• Your objective: Output only the lines below from the one holding "A GEM Movement" down to the one holding "Het Netflix-logo in", both end lines included and every picture dropped.

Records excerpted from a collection
=== Begin Enclosure ===
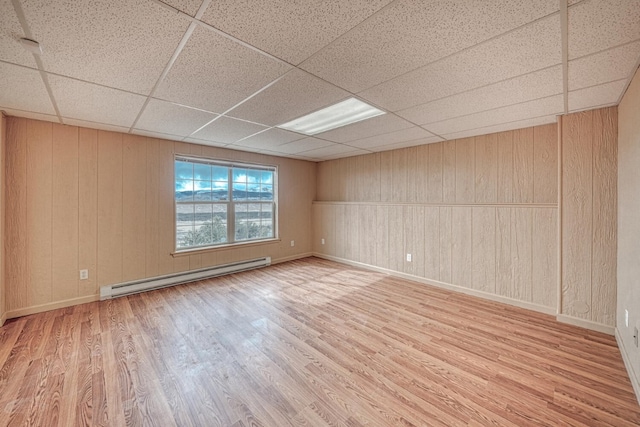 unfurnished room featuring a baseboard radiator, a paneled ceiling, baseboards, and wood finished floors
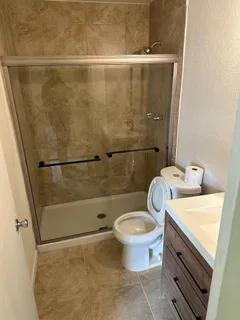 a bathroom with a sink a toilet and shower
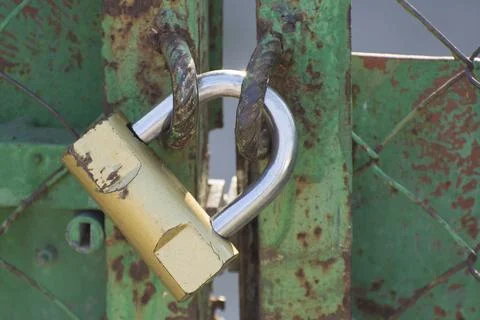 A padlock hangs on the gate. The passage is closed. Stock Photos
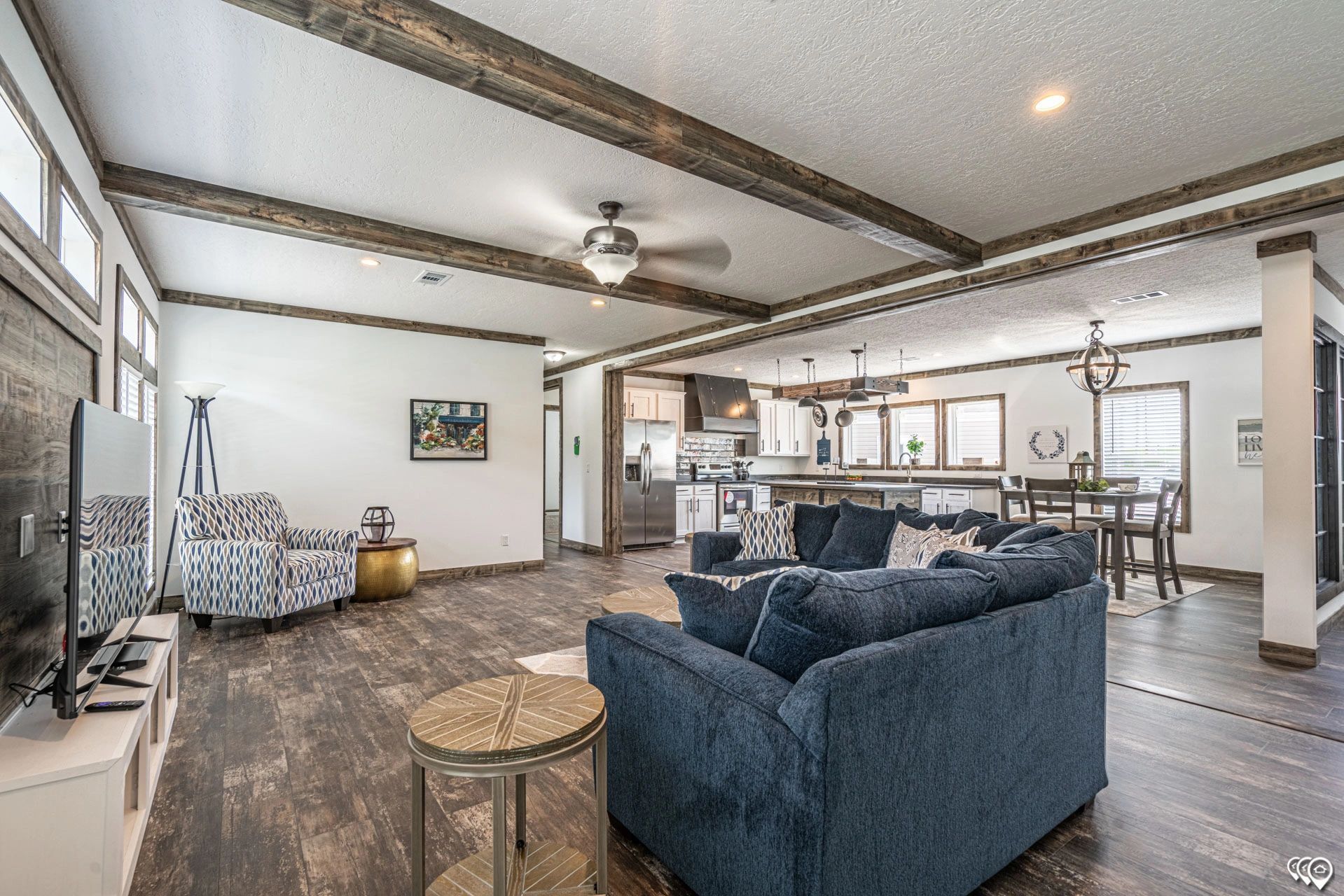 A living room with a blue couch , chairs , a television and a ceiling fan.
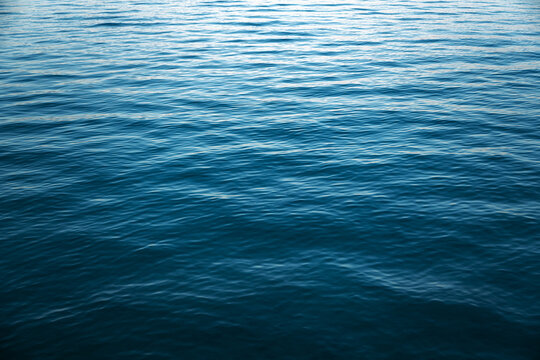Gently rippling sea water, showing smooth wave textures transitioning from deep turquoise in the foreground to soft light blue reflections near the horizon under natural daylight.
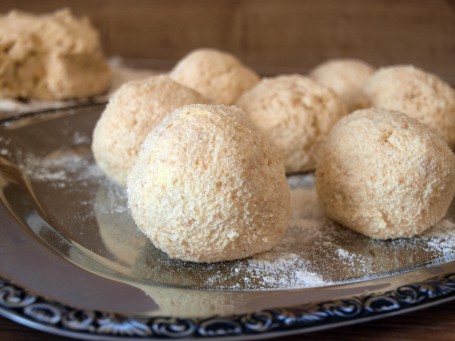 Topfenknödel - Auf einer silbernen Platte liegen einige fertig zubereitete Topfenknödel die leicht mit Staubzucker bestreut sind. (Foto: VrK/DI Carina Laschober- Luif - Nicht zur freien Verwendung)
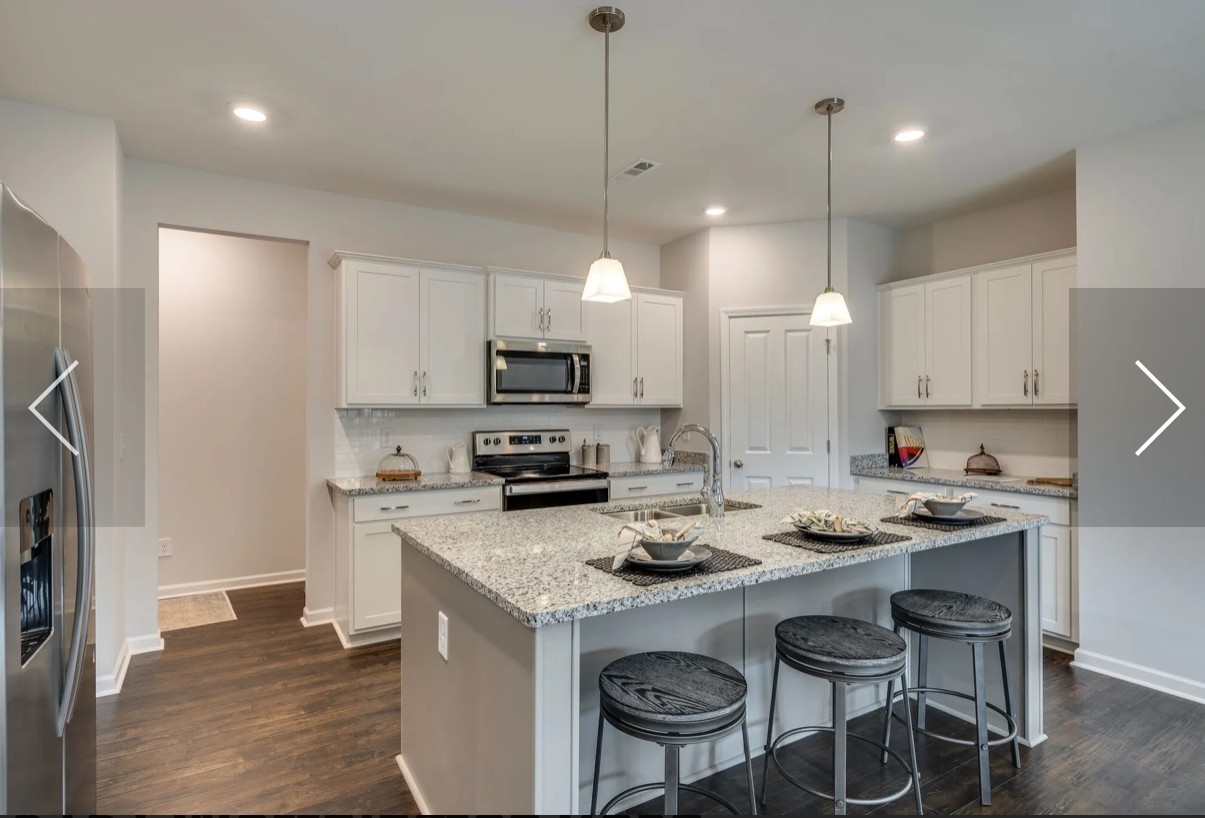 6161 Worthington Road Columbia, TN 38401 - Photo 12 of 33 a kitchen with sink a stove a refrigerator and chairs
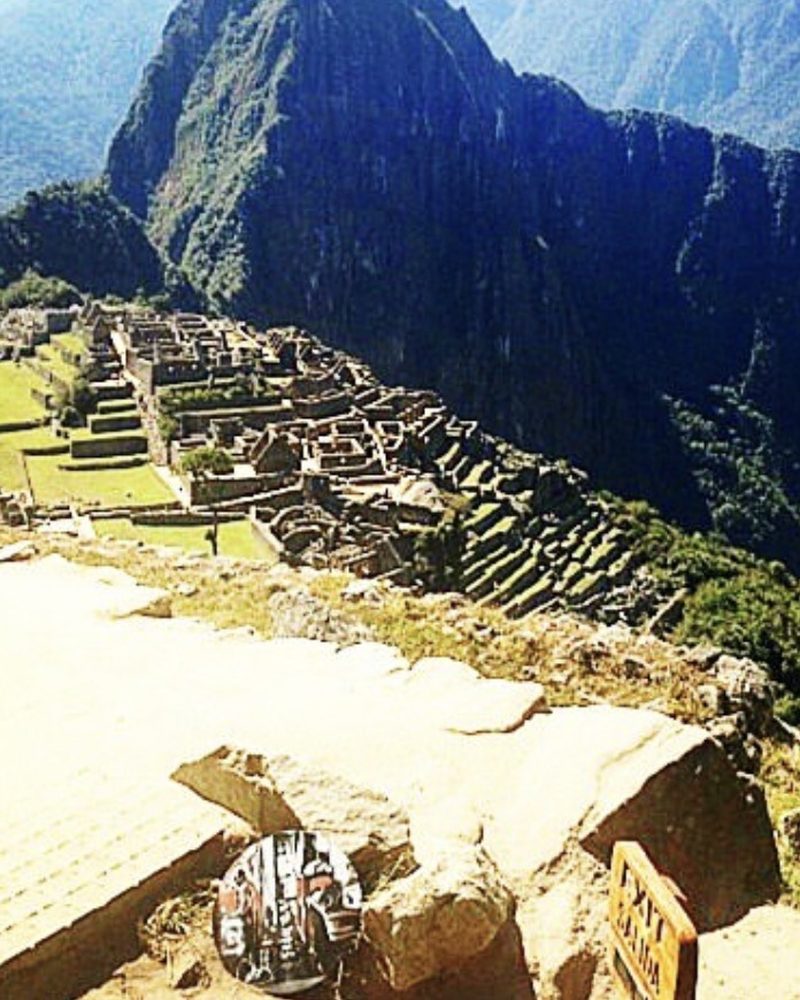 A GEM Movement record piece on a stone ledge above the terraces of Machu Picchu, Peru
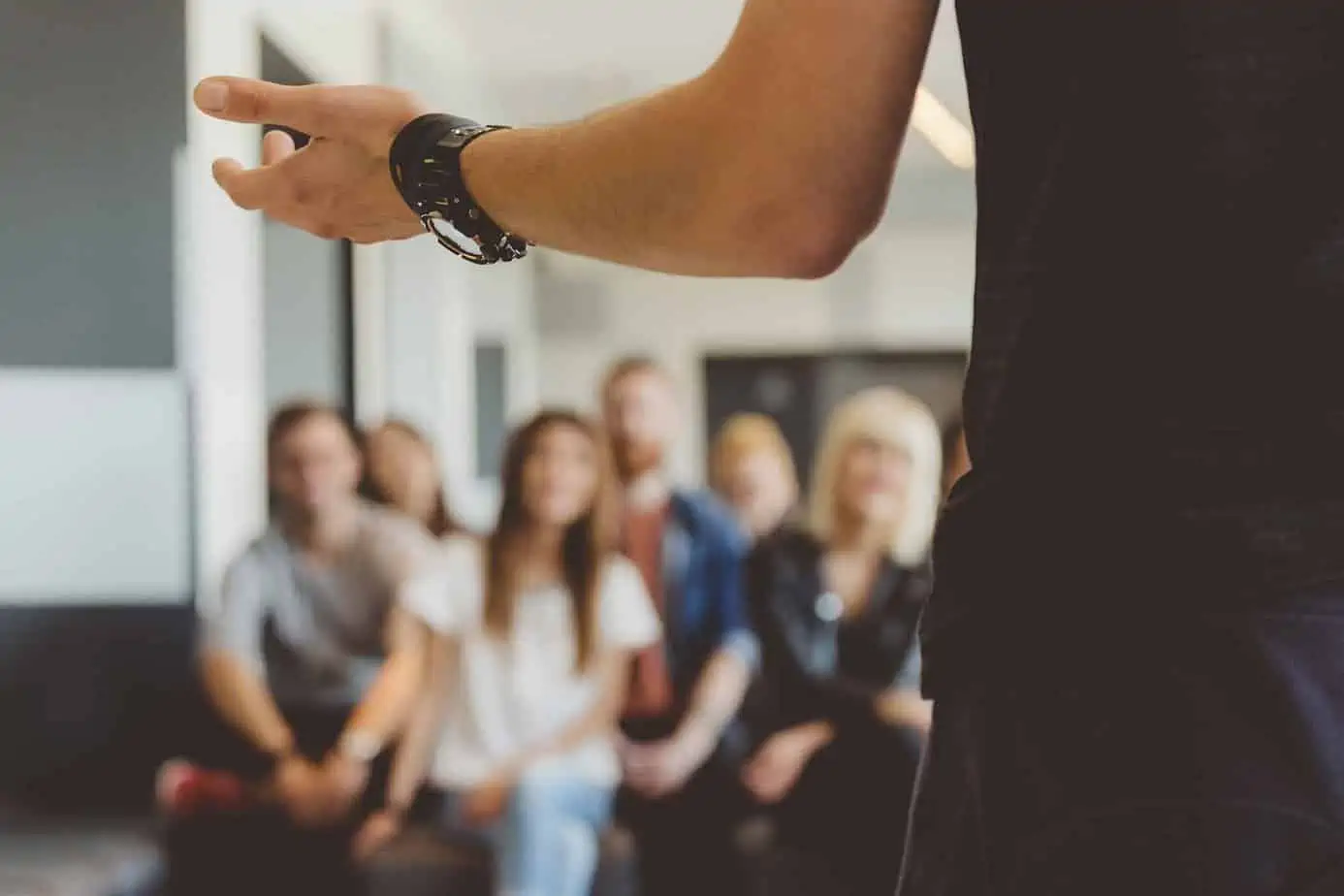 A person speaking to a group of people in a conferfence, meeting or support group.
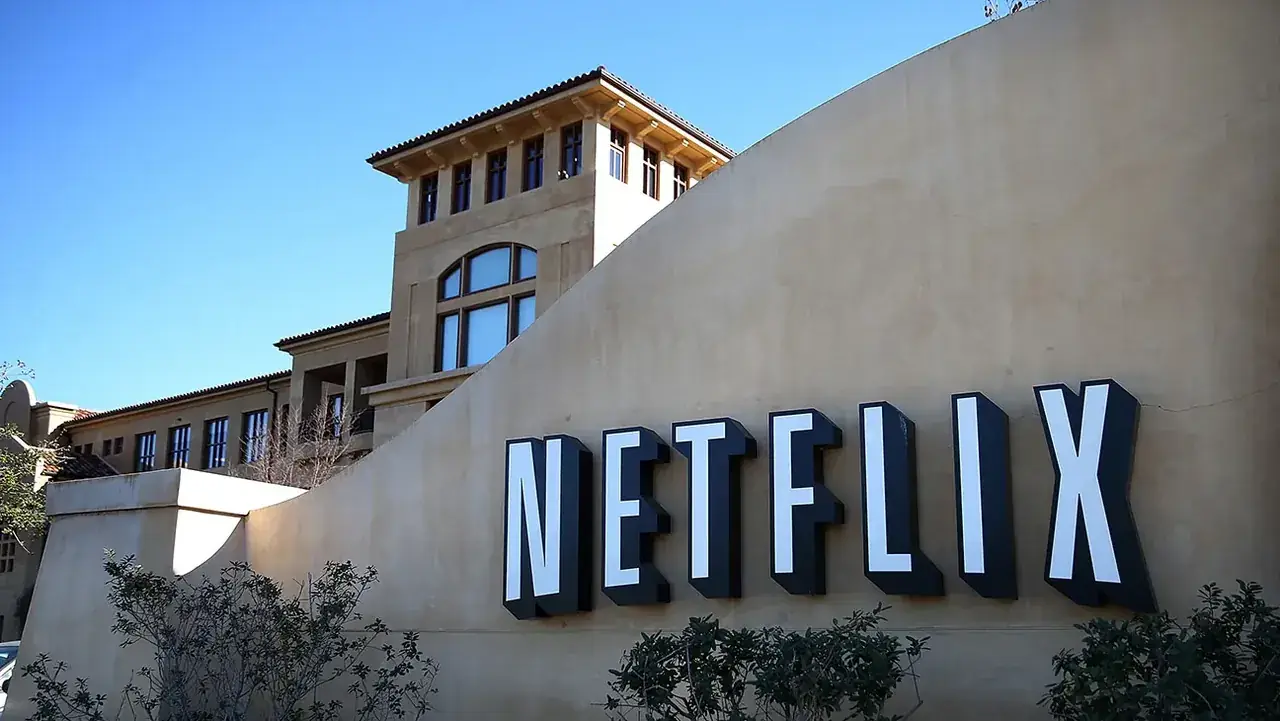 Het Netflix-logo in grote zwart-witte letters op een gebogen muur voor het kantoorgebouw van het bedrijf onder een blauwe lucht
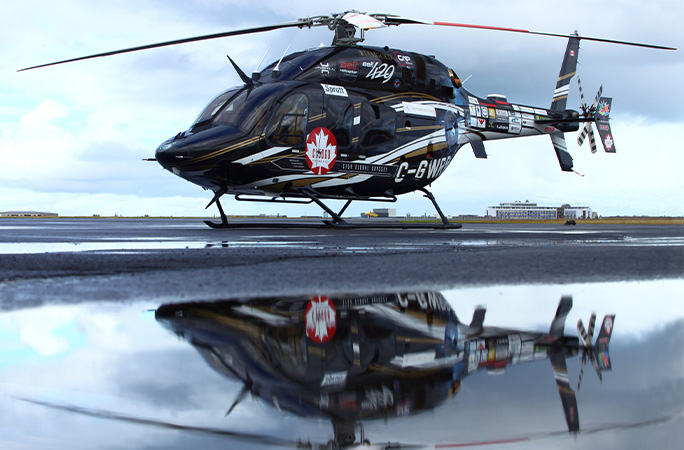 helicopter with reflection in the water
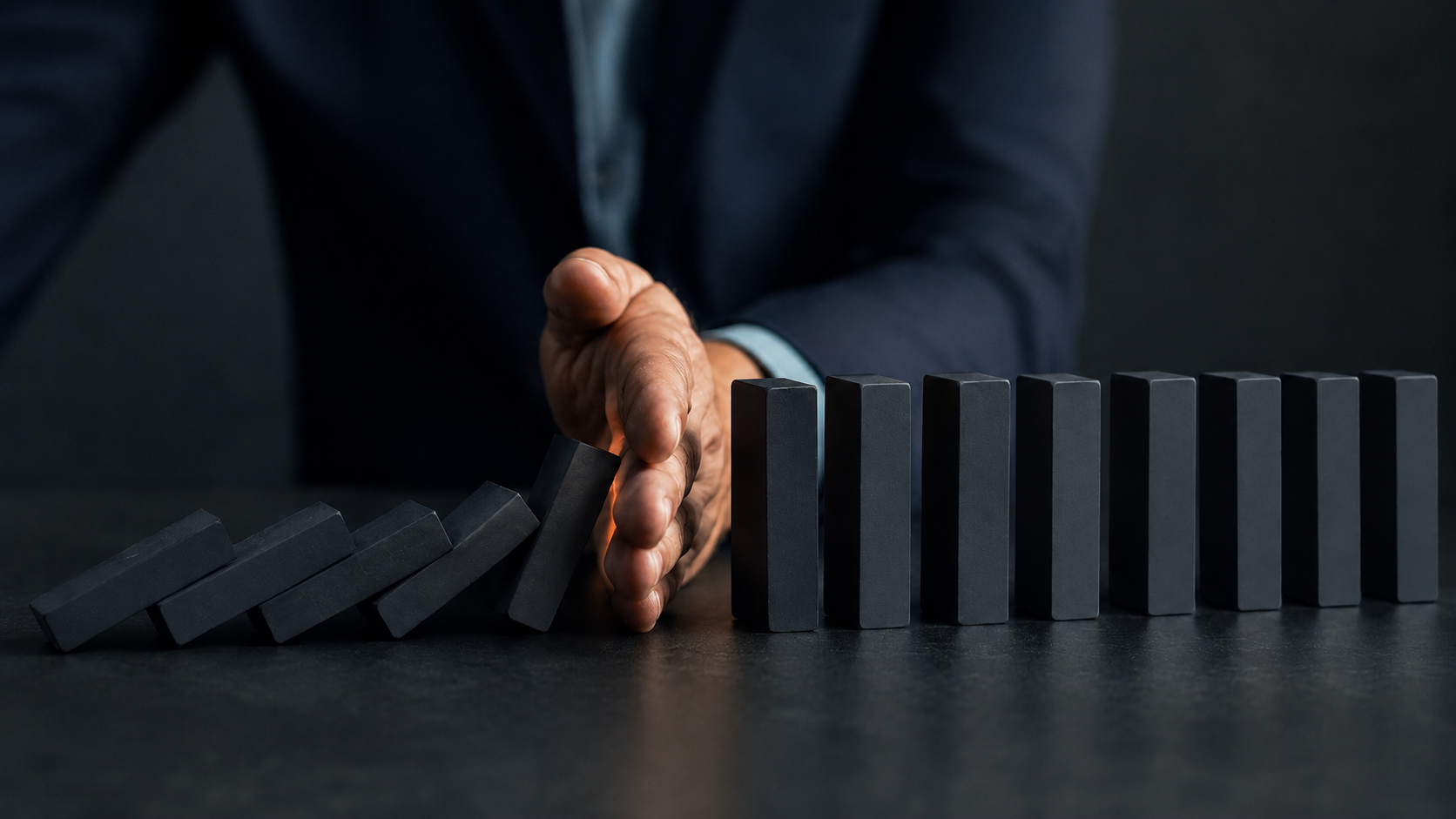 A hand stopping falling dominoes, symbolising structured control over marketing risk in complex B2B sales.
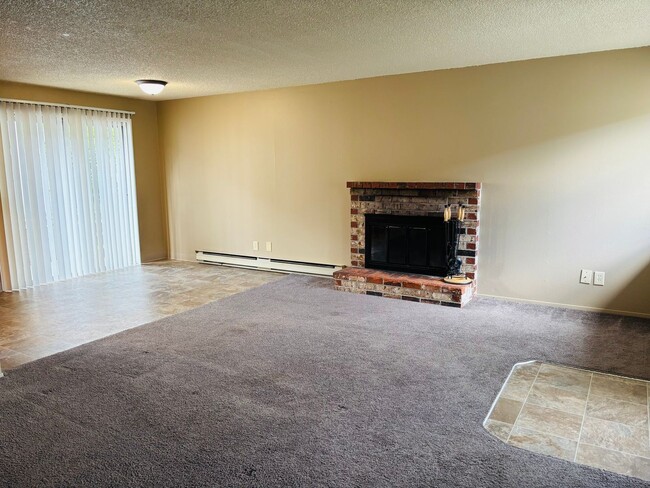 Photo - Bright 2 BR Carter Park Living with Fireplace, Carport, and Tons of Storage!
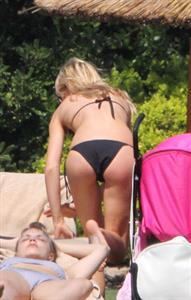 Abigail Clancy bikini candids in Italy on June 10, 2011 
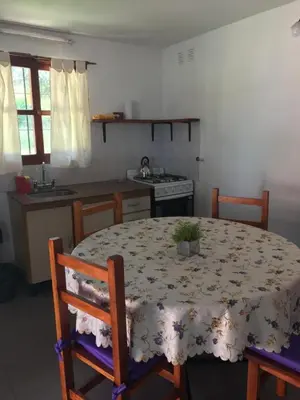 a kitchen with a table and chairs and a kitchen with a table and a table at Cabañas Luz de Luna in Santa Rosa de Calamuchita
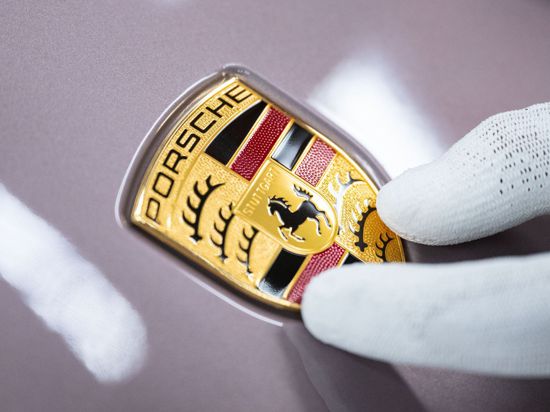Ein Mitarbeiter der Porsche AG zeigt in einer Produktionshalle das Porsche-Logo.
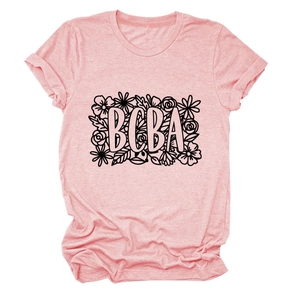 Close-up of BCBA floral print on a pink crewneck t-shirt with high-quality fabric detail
=== End Enclosure ===
• Reply to the exercise:
 A GEM Movement record piece on a stone ledge above the terraces of Machu Picchu, Peru
 A person speaking to a group of people in a conferfence, meeting or support group.
 Het Netflix-logo in grote zwart-witte letters op een gebogen muur voor het kantoorgebouw van het bedrijf onder een blauwe lucht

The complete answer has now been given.